A number of potential health effects have lately been accorded to tea consumption. It is, however, not clear whether an increase in tea consumption increases the risk of iron depletion in a normal apparently healthy adult population. We have therefore evaluated this.
A total of 954 men (aged 52–68 years) and 1639 women (aged 42–68 years), who were participants of SU.VI.MAX Study, completed a detailed questionnaire on tea consumption.
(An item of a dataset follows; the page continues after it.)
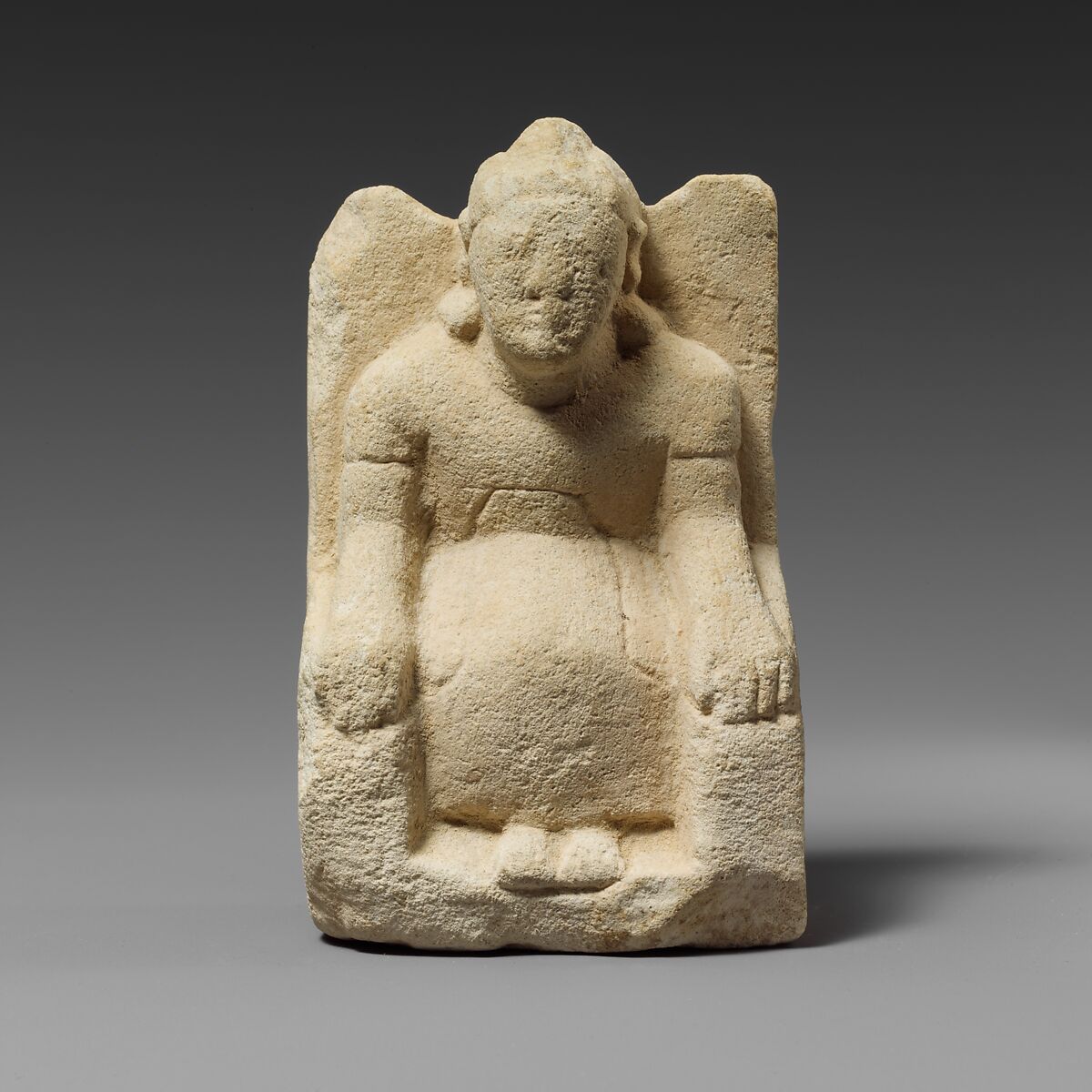 Limestone statuette of a seated beardless male votary with a helmet, Limestone, Cypriot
To determine the iron status of the participants, a venous blood sample was drawn and serum-ferritin was measured. Iron depletion was defined as a serum ferritin concentration <16 μg/l. Three 1-day food records were used to estimate the intake of other dietary enhancing or inhibiting factors of iron absorption, which were included in the logistic regression models.
The mean serum-ferritin concentration was not related to black, green and herbal tea consumption in men, pre- or postmenopausal women. Also the risk of iron depletion was in the multivariate model not related to any kind of tea drinking or to the strength of tea, the infusion time or the time of tea drinking.
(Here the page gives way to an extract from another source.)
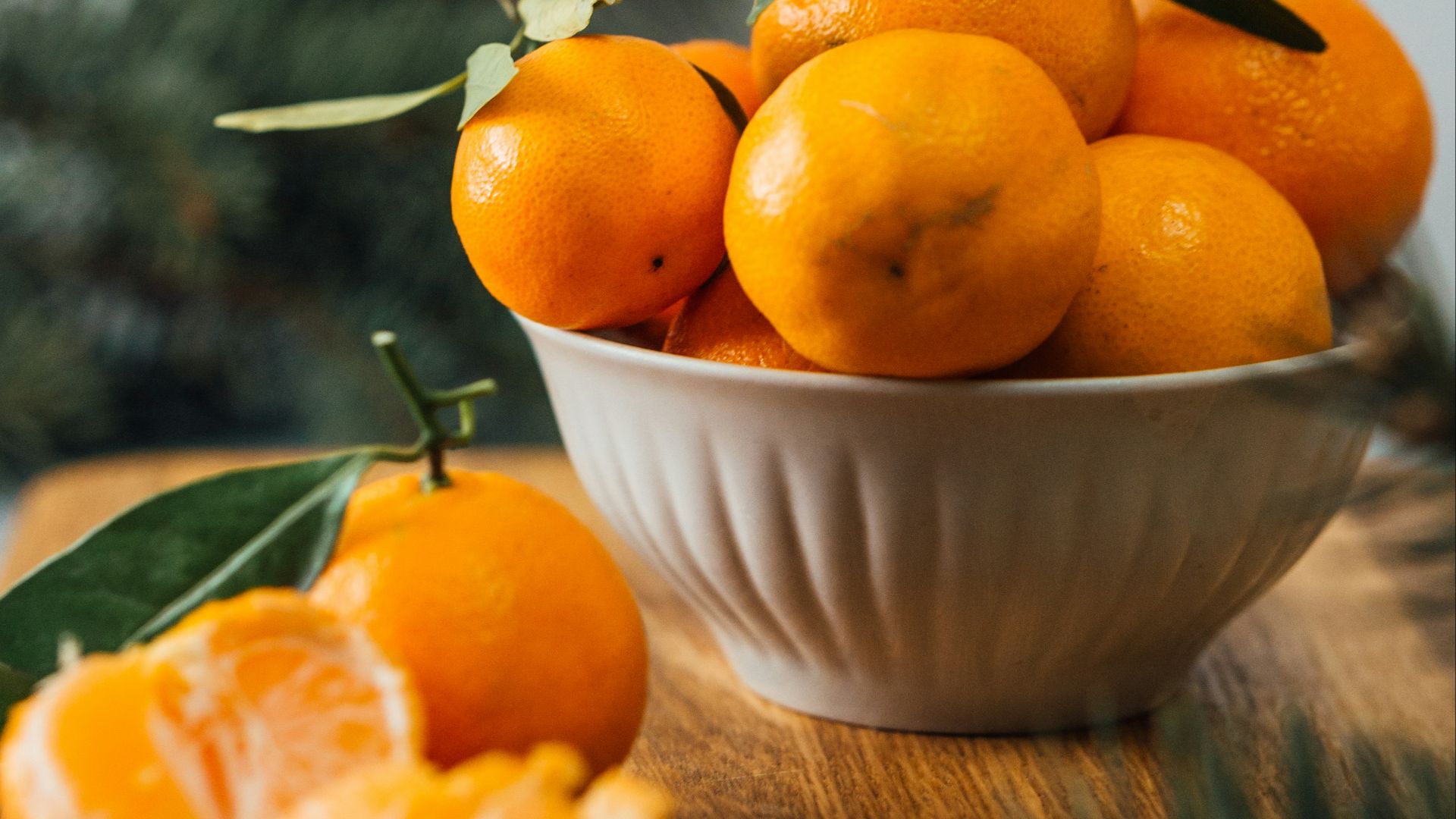 orange fruits in white ceramic bowl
The data suggest that normal apparently healthy adults are not at risk of iron depletion owing to any kind of tea drinking.
The SU.VI.M.AX project received financial support from public and private sectors. Special support was received from Unilever Bestfoods France (UBF) and to the ‘Centre d’Information Scientifique Thé & Santé de Lipton’, UBF.
Over 2000 million people in the world, most of them living in developing countries suffer from iron deficiency. It has been estimated that 99% of Southeast Asian population are iron-deficient, and even in Europe 17% of the population are iron-deficient (Ramakrishnan, 2002).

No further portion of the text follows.